# What the task asks
The answer must give back every line of the data exactly, with no pictures.

# Supplied information
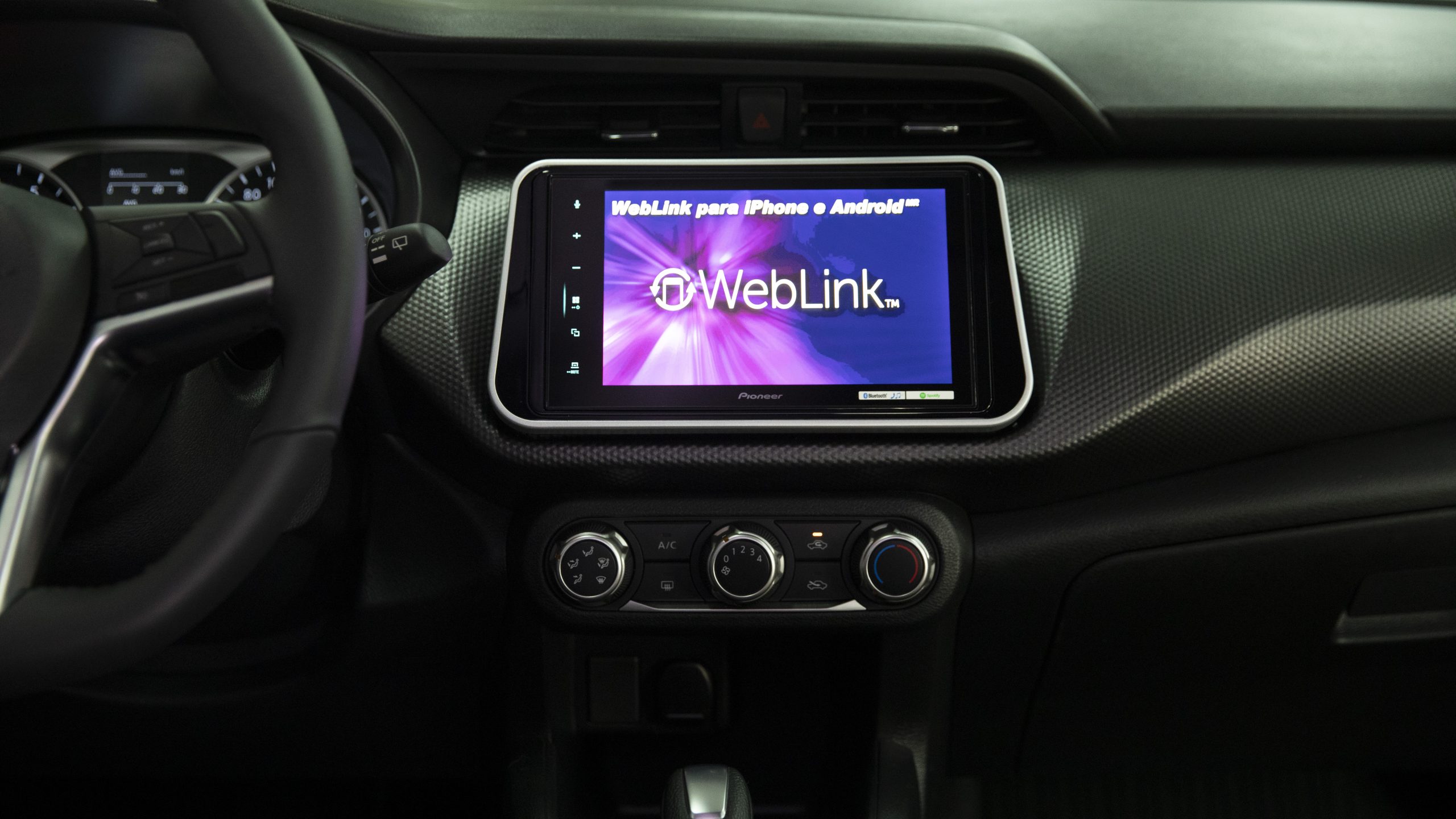 DMプレイヤー DMH-Z6380TV Autorrádio Pioneer 6.8 com TV Digital Integrada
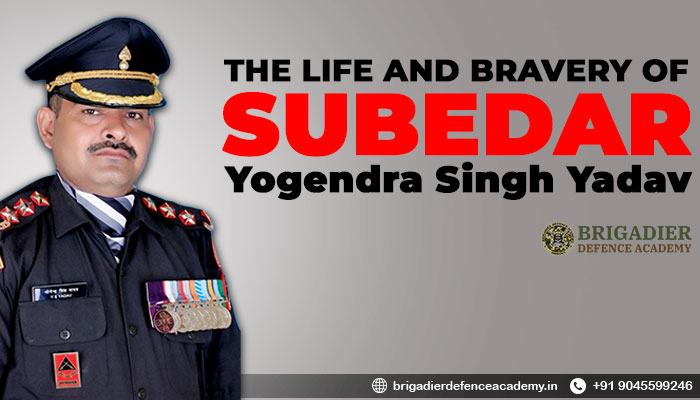 Subedar Yogendra Singh Yadav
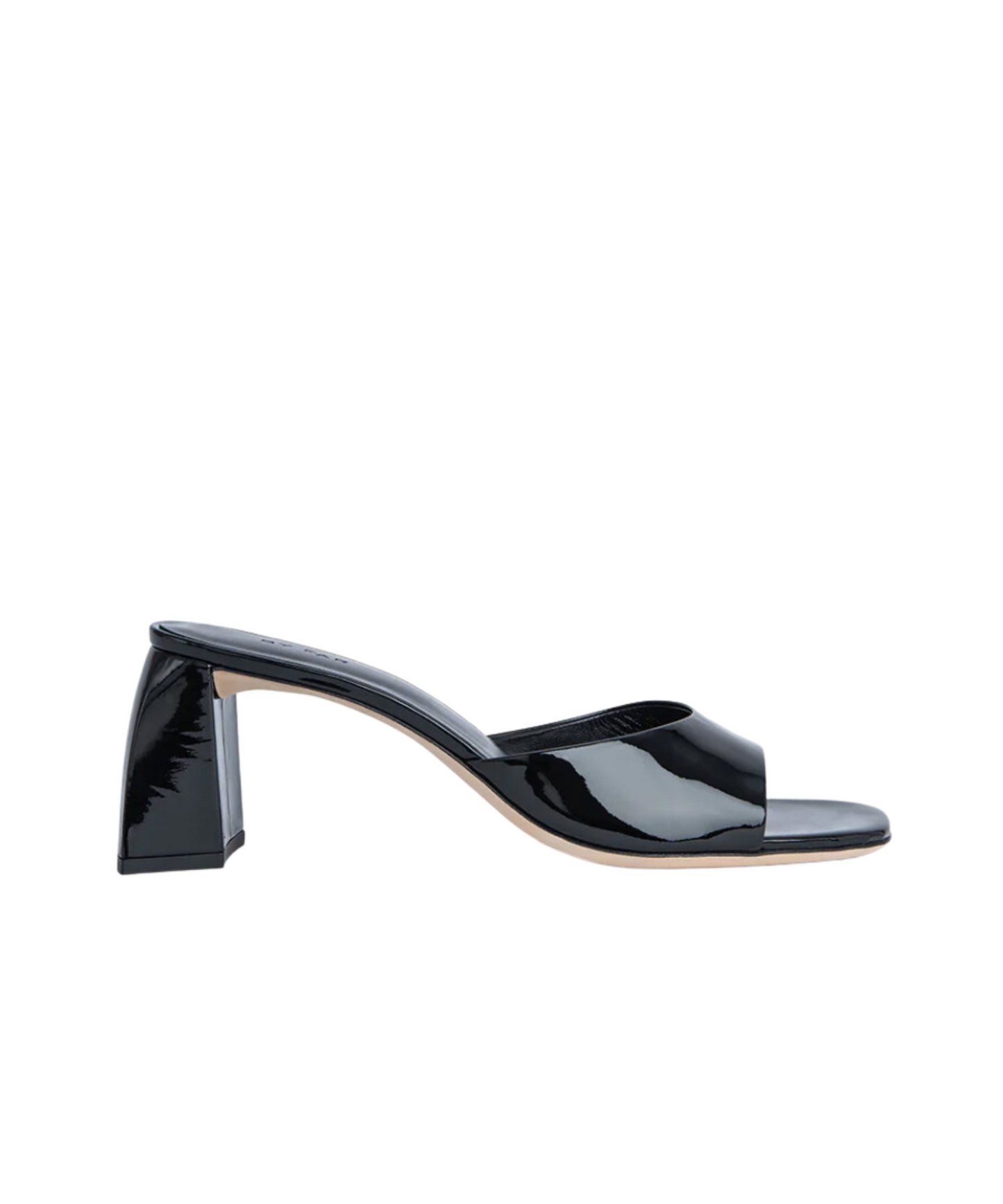 Romy Black Patent Leather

# Exercise answer
 DMプレイヤー DMH-Z6380TV Autorrádio Pioneer 6.8 com TV Digital Integrada
 Subedar Yogendra Singh Yadav
 Romy Black Patent Leather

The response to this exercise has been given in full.